Responsible Disclosure
Canium builds security-critical infrastructure, and we welcome the work of security researchers who help us keep it sound. This policy explains how to report a vulnerability, what is in and out of scope, the rules we ask you to follow, and what you can expect from us in return.
Our Commitment — Safe Harbour
If you make a good-faith effort to comply with this policy during your research, we will consider your activity authorized. We will not initiate or support legal action against you, and where a third party brings action against you for activity conducted in accordance with this policy, we will make it known that your actions were authorized.
We consider security research conducted consistent with this policy to be authorized access under the Criminal Code of Canada and applicable computer-misuse law. If at any point you are unsure whether a specific action is consistent with this policy, contact us at security@canium.ca before proceeding.
This safe-harbour commitment does not bind third parties that are not Canium, and it does not authorize activity that is unlawful independent of this policy.
Scope
The following assets, operated by Canium, are in scope:
canium.caand its subdomains- The Canium web, desktop, and mobile client applications
- Public APIs and backend infrastructure operated by Canium
- Our cryptographic implementation — MLS (RFC 9420 / OpenMLS), OPAQUE (RFC 9807), and the hybrid post-quantum KEM substrate (X25519 + ML-KEM-768)
The following are out of scope:
- Services, systems, or data operated by third parties rather than Canium
- Denial-of-service, volumetric, or resource-exhaustion testing of any kind
- Social engineering of Canium staff, contractors, or users; physical attacks; and attacks requiring physical access to a device
- Spam, phishing, or content-injection that depends on a user acting against an explicit warning
- Automated scanner output, or reports of missing hardening or best-practice headers, without a demonstrated, exploitable impact
- Findings that require a compromised or rooted endpoint, which is the user's own responsibility
Rules of Engagement
- Test only against accounts you own or test accounts you have explicitly created for this purpose.

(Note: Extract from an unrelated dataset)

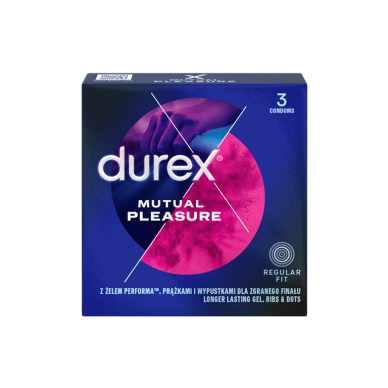 DUREX MUTUAL PLEASURE prezervatyvai, 3vnt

- Do not access, modify, delete, or store data that is not yours. Stop as soon as you have a working proof of concept.
- Canium is end-to-end encrypted and server-blind by design. Do not attempt to access, decrypt, or exfiltrate the message content, keys, or credentials of any other user. If you incidentally encounter another party's data, stop immediately, do not retain or disclose it, and tell us in your report.
- Do not degrade, disrupt, or interrupt the service for other users.
- Give us a reasonable opportunity to remediate before disclosing a vulnerability publicly, and coordinate the timing with us.
- Comply with all applicable Canadian law throughout your research.
How to Report
Send your report to security@canium.ca. Our machine-readable contact details are published at /.well-known/security.txt.
A useful report includes:
- A clear description of the vulnerability and the affected component or URL
- Step-by-step instructions to reproduce it, with any proof-of-concept code or payloads
- Your assessment of the impact and, if known, the conditions required to exploit it
- How we can reach you for follow-up
We accept reports in English and French.
What to Expect From Us
We prioritize issues by their impact on Canium's core guarantees — anything that could compromise the confidentiality of message content, key material, or user authentication is treated as the highest priority.
| Stage | Our target |
|---|---|
| Acknowledgement of your report | Within 3 business days |
| Initial triage and severity assessment | Within 10 business days |
Recognition
Canium does not currently operate a paid bug-bounty program. With your permission, we are glad to credit you in our security acknowledgements once a reported issue is resolved. If you would prefer to remain anonymous, let us know and we will respect that.